My point in recounting my, uh, case history with Coen films is to suggest that I sympathize, in some ways, with the opposition viewpoint toward the Coens regarding No Country for Old Men. To an extent, I think they have been guilty of a considerable amount of snarkiness and condescension in the past, guilty of letting technical precision and film-geek smartness override any human interest (Stanley Kubrick may have been an extraordinarily precise technical filmmaker, but even at his bleakest he seemed to evince a measure of inquisitiveness about humanity, even at its most reprehensible). But I also think the Coens are capable of transcending those perceived flaws, breaking through into something resembling heart, or at least a palpable investment in their characters rather than merely showing off how superior they are to them. What ultimately frustrates me about some of the criticisms lodged against their new film is that it seems as if its harshest critics went into the movie expecting to dislike it from the start simply because it looked like another Fargo or Blood Simple, and then couldn't but interpret the whole movie from this prejudiced viewpoint---thus comments like the aforementioned linoleum-floor interpretation explicated above. That strikes me as both unfair, close-minded (and here I'm thinking critics are supposed to be more open-minded than most moviegoers!) and a little lazy, frankly.

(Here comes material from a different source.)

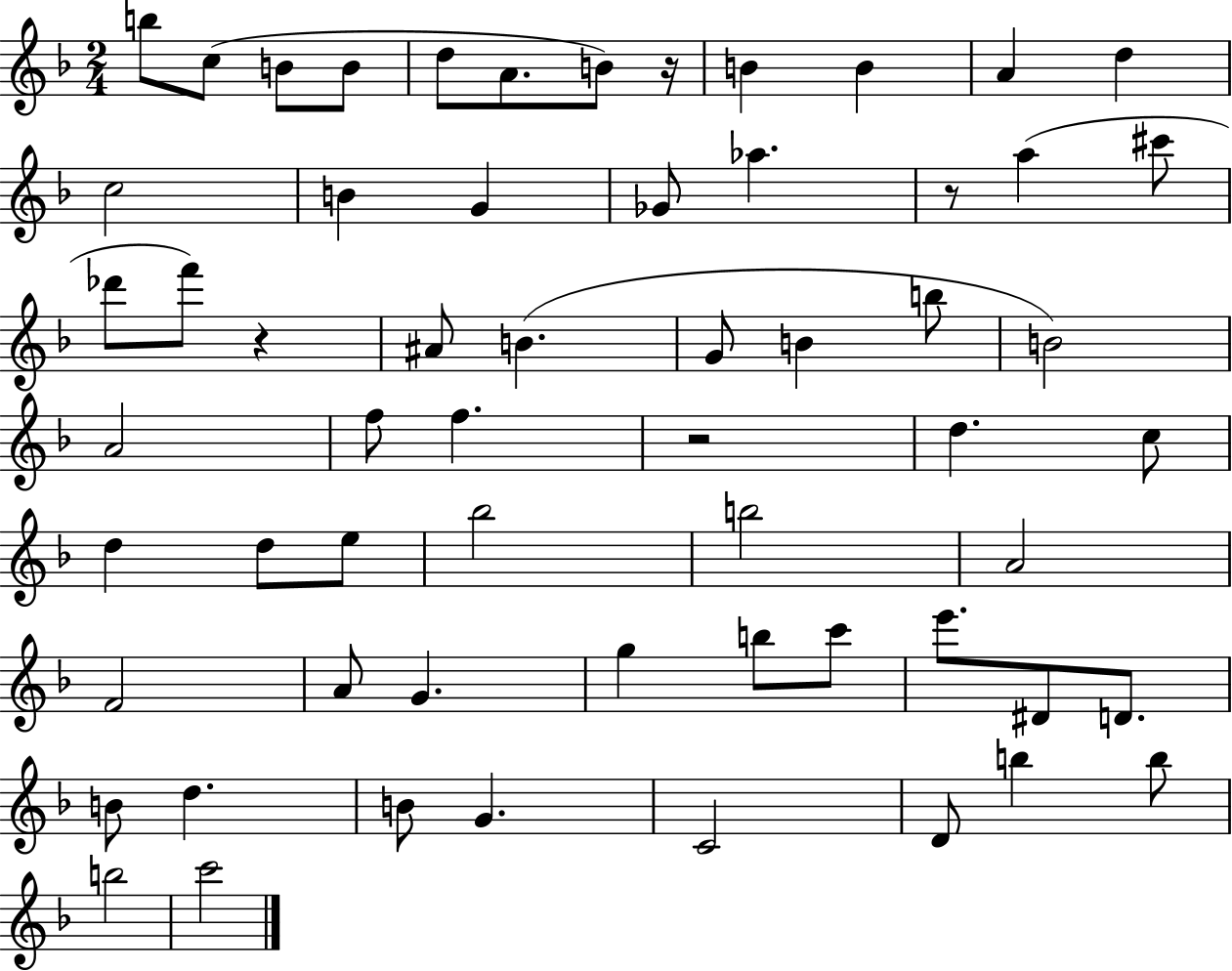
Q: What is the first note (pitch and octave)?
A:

That's pretty much all that I wanted to express on that matter. As for the film itself...well, for what it's worth: no, it's not my favorite film of the year (although I suspect, when the year is out, it'll probably make my top 5), but it's the most exhilarating piece of pure cinema I've encountered all year. Don't take that to mean, however, that it's merely a soulless technical exercise---even if, as an exercise, it's brilliantly made and totally gripping. Its technical facility is put wholly in the service of its cynical, metaphysical vision of a universe that has become perhaps too comfortable with violence in its midst. It's not soulless; it's about soullesness---crucial difference. If anything, in its mournful evocation of profound powerlessness in the face of evil and moral disintegration in our modern age, it's perhaps a more valuable indicator of the current national mood than most of the recent dramas (like Paul Haggis's typically reductive In the Valley of Elah) that have taken on the post-9/11 national mood more directly.

Oh yeah, and for my money, I think it's more convincing in its despair than Cormac McCarthy's novel is (even if there is admittedly more of Tommy Lee Jones's thematically central Sheriff Bell character in the book than there is in the movie).